The center of our housing work is our belief in direct action, and from here we can build a multi-faceted approach to a housing movement that takes on multiple approaches when necessary.  Whether this is work on local policy, land trust models, or radical social work, all of it is in support of direct action with the understanding that this is the most effective method in terms of results and is the way that communities begin to show that they can survive the banking onslaught.  It is through this that people will begin to be revitalized to a political and social life.  Where most people have been so alienated from the power in themselves and their community they begin to see an actual cause and effect and this empowerment breeds involvement, fostering a movement that only grows and grows.

 

The final solution to transformative housing, one that is beyond the temperamental realms of capital or the paternalistic hand of the state, is not something a few people can declare with any certainty.  The final establishment of community control can only come by creating models to prevent mass displacement, foreclosure, and homelessness.  As we are able to see the power that we have ourselves we are able to peer into a possible future for our neighborhoods, and a whole world of social relationships.

 

6 thoughts on “Housing Resistance and Transformation: From Direct Action to Direct Democracy

  1. Hey comrades — Thanks for putting your thoughts down in writing!

    I think what’s missing here is a discussion of how foreclosure/eviction resistance brings residents into popular organizations of solidarity and mutual aid. Have you had many folks become organizers after being supported by Take Back the Land or Occupy Our Homes?

    • Yes we have, but we should always have more. The cornerstone of this should really be based around neighborhood solidarity. This can be hard to come by, many people are alienated even on their street and seldom know the people on their block. This is especially difficult for people going through crisis or without a stable home. That being said, about half of the people involved have been directly affected. I like to say that on the best day we can be a neighborhood solidarity movement, and on the worst day it is people helping each other outside of the confines of capital and the state.

      I should also note that TBTL and Occupy Our Homes are both wonderful, but not the only model for housing organizing.

  2. my only critique is that it doesn’t really talk about how to get to direct democracy, or what that looks like, or what the writer thinks that could look like. i mean transforming consciousness through struggle is dope, using direct action is dope, but it sorta leaves you hanging on a cliff…all for what?

    so maybe if you were to use it as a piece in dialogue with folks outside of revolutionaries you would want to explain that a bit, and explain that you don’t just want directly democratic managed capitalism, but a very different and free society.

    • Stay tuned.
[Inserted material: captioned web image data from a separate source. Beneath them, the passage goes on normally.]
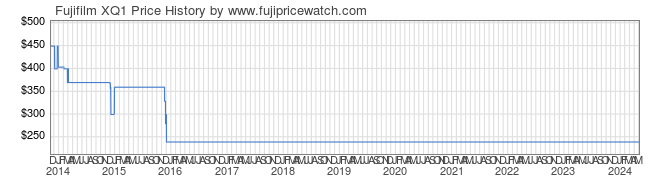 Price History Graph for Fujifilm XQ1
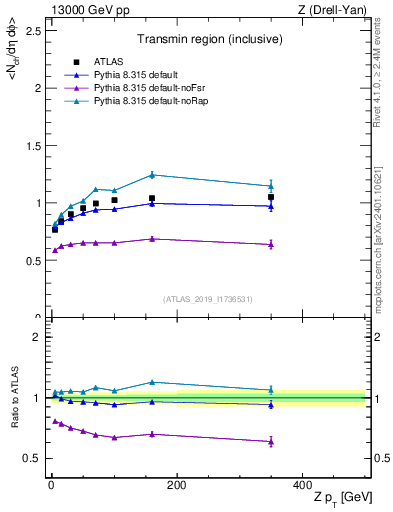 Plot of avgnch-vs-z.pt in 13000 GeV pp collisions
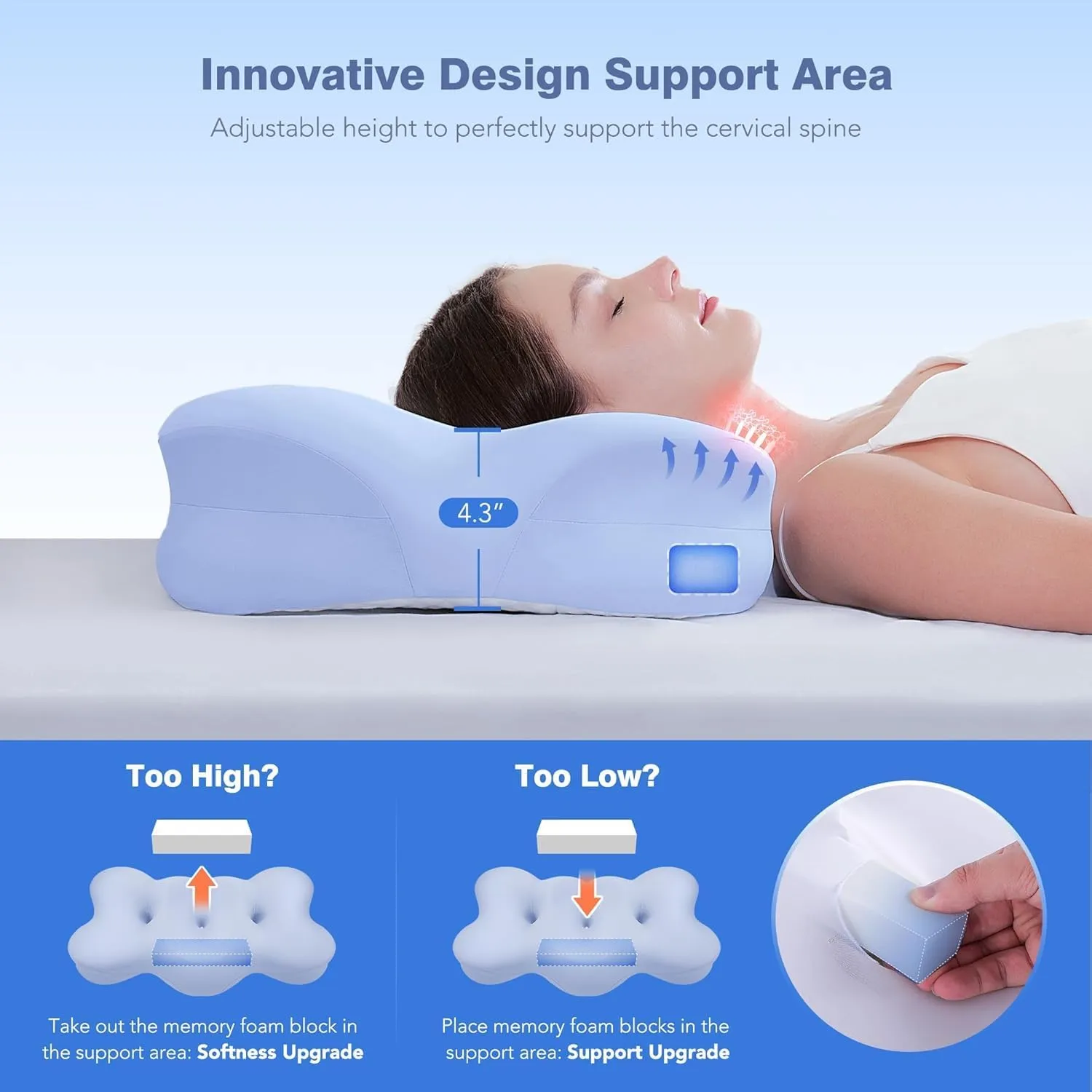 Memory Foam Pillows - Neck Support Pillow for Pain Relief, Ergonomic Cervical Pillow Cozy Sleeping for Neck and Shoulder Pain Odorless Orthopedic Contour Bed Pillow for Side Back Stomach Sleepers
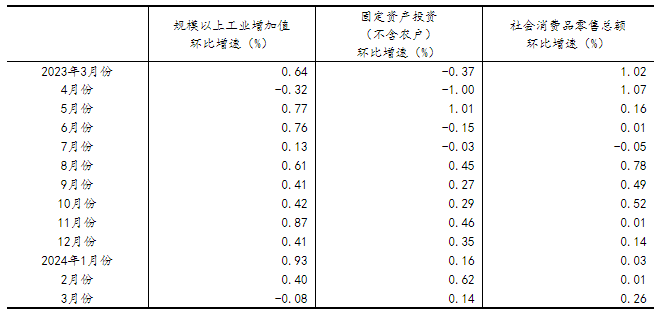 一季度國民經(jīng)濟實現(xiàn)良好開局「相關圖片」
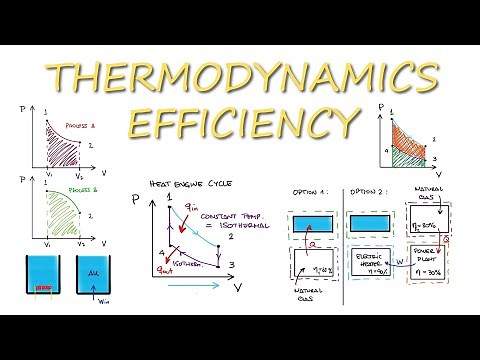 EFFICIENCY of Thermodynamic Systems in 10 Minutes!
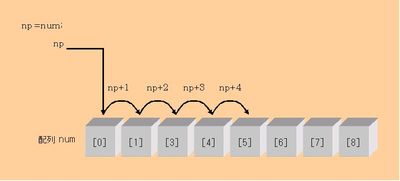 図2：配列をポインタでアクセスした場合の動き～アクセスの都度、先頭から計算しなくて済むので速い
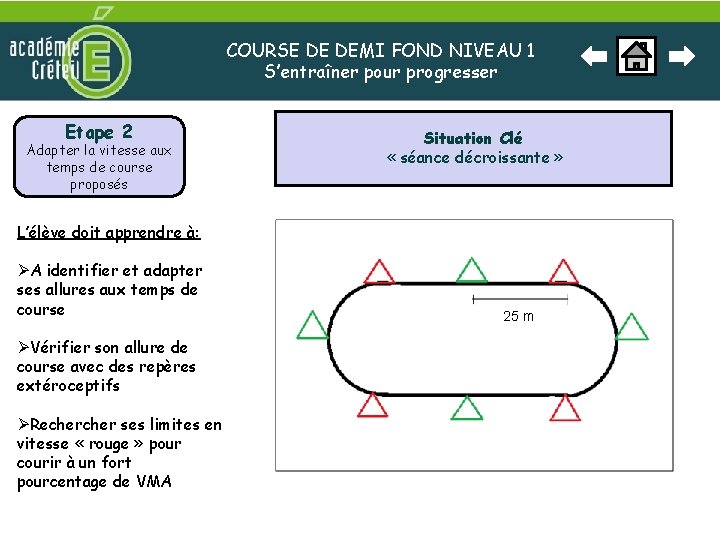 COURSE DE DEMI FOND NIVEAU 1 S’entraîner pour progresser Etape 2 Adapter la vitesse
That is actually what the next article I am going to write will be about. What I would say, though, is that the lived experience of resistance should always inform the practical structures of organization afterward. How was a family successful? A neighborhood? A city? Traditionally direct action is successful when it ties into a direct democratic character where everyone involved has their needs met and feels that they are directly contributing, which is the best way to organize social spaces. So what I think I will talk about is the idea of community control over land and housing and ways that could look now and in a more distant future.

      It is also impossible to simply change the way housing work without targeting capitalism and the State as entire entities.